14 Mag Cassazione civile Sez. III sentenza n. 9687 del 3 maggio 2011
Testo massima n. 1
L’atto di morte formato all’estero e riguardante un cittadino italiano deve essere trasmesso per via diplomatica o consolare per la trascrizione nei registri dello stato civile, atteso che solo attraverso detta formalità esso acquista la medesima efficacia probatoria degli atti dello stato civile formati in Italia. Nel caso in cui la trasmissione e la trascrizione siano mancate, occorre verificare se si verta nell’ipotesi in cui la prova della morte, ai sensi dell’art. 452 c.c. può essere data con ogni mezzo. Tale norma trova applicazione, tuttavia, soltanto nell’ipotesi in cui manchi qualsiasi registrazione dell’atto nei registri italiani od esteri ovvero quando non sia possibile avvalersi della prova privilegiata costituita dalle risultanze di tali registri.

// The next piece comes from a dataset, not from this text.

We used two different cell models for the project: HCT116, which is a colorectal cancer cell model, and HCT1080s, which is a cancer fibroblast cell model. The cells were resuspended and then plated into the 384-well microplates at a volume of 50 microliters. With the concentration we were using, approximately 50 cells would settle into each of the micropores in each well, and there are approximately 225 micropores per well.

Ne consegue che, ove la registrazione della morte sia stata effettuata dall’ufficiale dello stato civile competente secondo la legge del luogo in cui l’evento si è verificato, la prova deve essere fornita mediante certificato rilasciato all’estero dall’autorità che ha formato l’atto accompagnato dalla legalizzazione della sottoscrizione dell’autorità estera da parte delle autorità consolari o diplomatiche secondo il modello previsto dall’art. 30 del d.p.r. 28 dicembre 2000, n. 444, o, se il rapporto riguarda paesi che aderiscono alla Convenzione dell’Aja del 5 ottobre 1961, ratificata con legge 20 dicembre 1966, n. 1253, mediante la formula “apostille”. [ Nella specie la S.C. ha confermato la decisione del giudice di merito che aveva escluso l’efficacia probatoria di un certificato di morte, in originale, rilasciato dall’autorità competente degli stati Uniti e accompagnato da traduzione giurata, non ritenendo peraltro applicabile l’art. 452 c.c. ].